Le jour où Hassan II a eu le feu vert des Etats-Unis et de la France pour envahir le Sahara Occidental, un journaliste américain lui a posé la question sur ce qu’il fera si la Marche Verte se heurte aux combattants du Front Polisario, sa réponse était « nous allons les bouffer » (We shall eat them). Il a tenté de les bouffer, mais il a pris une sacré indigestion.

A une autre occasion, il a déclaré que le rattisage et nettoyage du Sahara occidental n’est qu’un exercice musculaire de deux semaines pour l’armée marocaine.

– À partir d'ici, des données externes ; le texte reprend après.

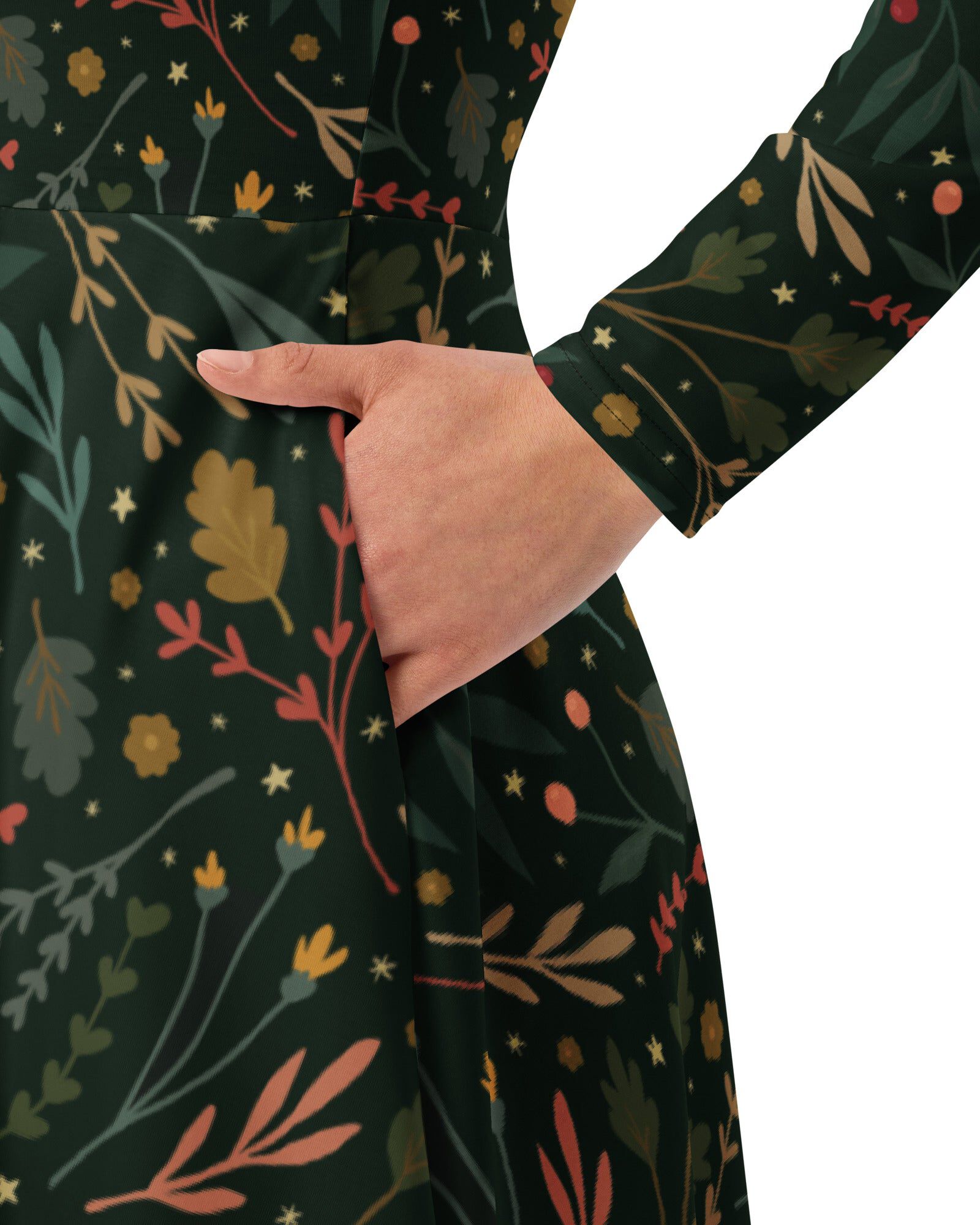 Festive Flora Long Sleeve Midi Dress, Hunter Green / Hunter Green, alternate image number 4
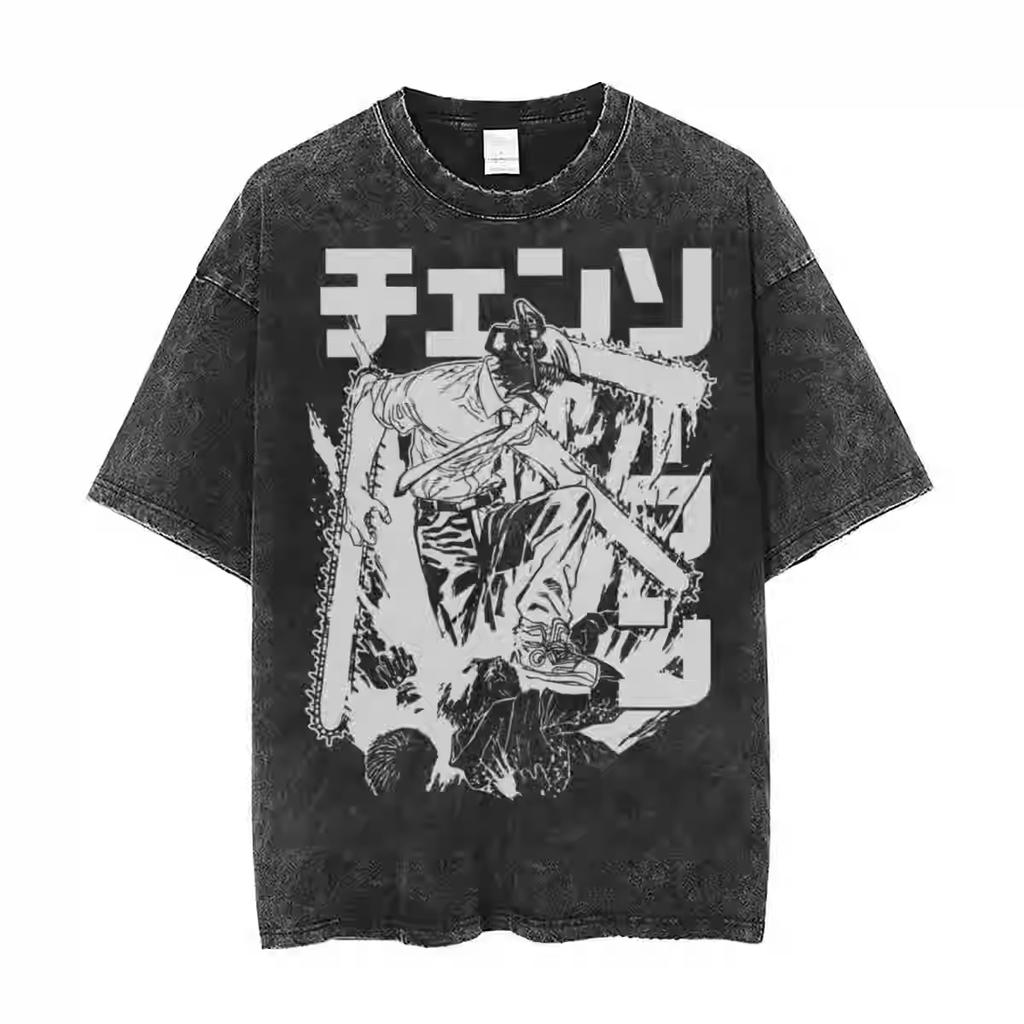 Anime Chainsaw Man Tshirt Denji Power Makima Aki Graphic T Shirt Mens Clothing Short Sleeve Tee Cotton Washed Oversized Tshirt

Aveuglé par le soutien des puissances occidentalles, le roi du Maroc a ignoré l’Algérie lorsqu’il a décidé de partager le Sahara Occidental avec la Mauritanie. Encore une fois, il a sous-estimé son voisin de l’Est. La première fois, c’était en 1963.

La réponse algérienne ne s’est pas fait attendre. En un lapse de temps de 24 heures, le défunt président Houari Boumediène expulsa tous les marocains qui profitaient de l’hospitalité et l’abondance algériennes et envoya son armée défendre la population sahraouie bombardée avec des bombes de napalm et phosphore dans les territoires libérés du Sahara Occidental.

Ainsi, l’exercice de deux semaines est devenu un cauchemar qui dure depuis plus de 43 ans dans lesquelles le Maroc n’a jamais réussi à affirmer son occupation du territoire sahraoui.

En 1988, Chadli Bendjedid, faisant preuve de bonne volonté a décidé de laisser le conflit du Sahara Occidental dans les mains des Nations Unies et accepté de rejoindre les efforts visant à construire une entité régionale sous le nom d’Union du Maghreb Arabe (UMA).

Tout allait pour le mieux jusqu’au jour où la schizophrénie de Hassan II lui joua un nouveau mauvais tour lorsqu’il accusa l’Algérie d’être derrière l’attentat de l’Hôtel Hasni de Marrakech en 1994. A ce moment-là, les dirigents algériens ont compris que le Maroc a voulu saboter le projet de l’UMA et ils ont pris la décision pertinente de fermer leurs frontières avec le royaume vassal de la France dans le but, d’un côté, de se protéger contre toute inflitration terroriste provenant de l’Ouest, et d’autre part, empêcher les villes frontalières du Maroc de continuer à profiter de la contrabande des produits algériens connus pour leurs prix bon marché.

Celui qui s’est vendu aux israéliens, aux français et aux américains a osé défier le pays du million et demi de martyrs, la Revolution du 1er novembre dont le combat a été le déclencheur de l’indépendance de l’Afrique. Il a eu le chatiment qu’il méritait.